• _What to work on_: Could you reproduce all of the following entries exactly?
╭─ The data
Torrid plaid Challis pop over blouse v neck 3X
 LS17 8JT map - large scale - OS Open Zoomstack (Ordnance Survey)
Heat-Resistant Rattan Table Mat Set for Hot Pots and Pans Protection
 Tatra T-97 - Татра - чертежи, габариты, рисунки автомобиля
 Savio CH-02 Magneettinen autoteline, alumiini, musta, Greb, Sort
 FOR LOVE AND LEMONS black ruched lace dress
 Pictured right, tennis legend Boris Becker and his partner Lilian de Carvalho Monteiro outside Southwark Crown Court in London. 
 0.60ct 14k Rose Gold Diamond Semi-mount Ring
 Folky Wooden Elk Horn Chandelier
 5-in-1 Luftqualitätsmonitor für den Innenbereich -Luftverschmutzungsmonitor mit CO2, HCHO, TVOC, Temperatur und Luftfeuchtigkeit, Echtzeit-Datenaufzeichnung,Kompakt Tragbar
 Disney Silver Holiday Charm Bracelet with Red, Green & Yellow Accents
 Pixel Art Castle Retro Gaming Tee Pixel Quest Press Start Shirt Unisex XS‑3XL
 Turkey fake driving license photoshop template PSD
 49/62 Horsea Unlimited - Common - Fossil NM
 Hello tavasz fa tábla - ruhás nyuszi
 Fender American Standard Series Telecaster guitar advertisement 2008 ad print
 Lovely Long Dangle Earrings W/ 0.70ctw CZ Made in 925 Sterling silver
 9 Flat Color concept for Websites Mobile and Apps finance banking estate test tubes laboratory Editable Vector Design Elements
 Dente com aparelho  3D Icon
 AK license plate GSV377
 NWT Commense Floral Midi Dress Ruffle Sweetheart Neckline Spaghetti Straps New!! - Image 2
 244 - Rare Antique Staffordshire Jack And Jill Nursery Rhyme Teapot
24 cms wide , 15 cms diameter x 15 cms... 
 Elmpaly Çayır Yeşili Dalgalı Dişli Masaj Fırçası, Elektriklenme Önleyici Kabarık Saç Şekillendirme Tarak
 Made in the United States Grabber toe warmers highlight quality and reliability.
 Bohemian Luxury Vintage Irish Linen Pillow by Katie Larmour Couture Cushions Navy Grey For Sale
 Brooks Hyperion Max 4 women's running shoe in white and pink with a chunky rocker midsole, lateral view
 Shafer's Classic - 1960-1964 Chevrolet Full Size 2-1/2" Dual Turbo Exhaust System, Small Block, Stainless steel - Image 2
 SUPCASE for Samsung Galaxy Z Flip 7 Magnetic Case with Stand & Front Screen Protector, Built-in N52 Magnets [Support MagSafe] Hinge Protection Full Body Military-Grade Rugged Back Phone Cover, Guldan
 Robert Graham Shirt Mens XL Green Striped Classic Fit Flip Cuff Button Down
╰─
• _Written response_:
Torrid plaid Challis pop over blouse v neck 3X
 LS17 8JT map - large scale - OS Open Zoomstack (Ordnance Survey)
Heat-Resistant Rattan Table Mat Set for Hot Pots and Pans Protection
 Tatra T-97 - Татра - чертежи, габариты, рисунки автомобиля
 Savio CH-02 Magneettinen autoteline, alumiini, musta, Greb, Sort
 FOR LOVE AND LEMONS black ruched lace dress
 Pictured right, tennis legend Boris Becker and his partner Lilian de Carvalho Monteiro outside Southwark Crown Court in London. 
 0.60ct 14k Rose Gold Diamond Semi-mount Ring
 Folky Wooden Elk Horn Chandelier
 5-in-1 Luftqualitätsmonitor für den Innenbereich -Luftverschmutzungsmonitor mit CO2, HCHO, TVOC, Temperatur und Luftfeuchtigkeit, Echtzeit-Datenaufzeichnung,Kompakt Tragbar
 Disney Silver Holiday Charm Bracelet with Red, Green & Yellow Accents
 Pixel Art Castle Retro Gaming Tee Pixel Quest Press Start Shirt Unisex XS‑3XL
 Turkey fake driving license photoshop template PSD
 49/62 Horsea Unlimited - Common - Fossil NM
 Hello tavasz fa tábla - ruhás nyuszi
 Fender American Standard Series Telecaster guitar advertisement 2008 ad print
 Lovely Long Dangle Earrings W/ 0.70ctw CZ Made in 925 Sterling silver
 9 Flat Color concept for Websites Mobile and Apps finance banking estate test tubes laboratory Editable Vector Design Elements
 Dente com aparelho  3D Icon
 AK license plate GSV377
 NWT Commense Floral Midi Dress Ruffle Sweetheart Neckline Spaghetti Straps New!! - Image 2
 244 - Rare Antique Staffordshire Jack And Jill Nursery Rhyme Teapot
24 cms wide , 15 cms diameter x 15 cms... 
 Elmpaly Çayır Yeşili Dalgalı Dişli Masaj Fırçası, Elektriklenme Önleyici Kabarık Saç Şekillendirme Tarak
 Made in the United States Grabber toe warmers highlight quality and reliability.
 Bohemian Luxury Vintage Irish Linen Pillow by Katie Larmour Couture Cushions Navy Grey For Sale
 Brooks Hyperion Max 4 women's running shoe in white and pink with a chunky rocker midsole, lateral view
 Shafer's Classic - 1960-1964 Chevrolet Full Size 2-1/2" Dual Turbo Exhaust System, Small Block, Stainless steel - Image 2
 SUPCASE for Samsung Galaxy Z Flip 7 Magnetic Case with Stand & Front Screen Protector, Built-in N52 Magnets [Support MagSafe] Hinge Protection Full Body Military-Grade Rugged Back Phone Cover, Guldan
 Robert Graham Shirt Mens XL Green Striped Classic Fit Flip Cuff Button Down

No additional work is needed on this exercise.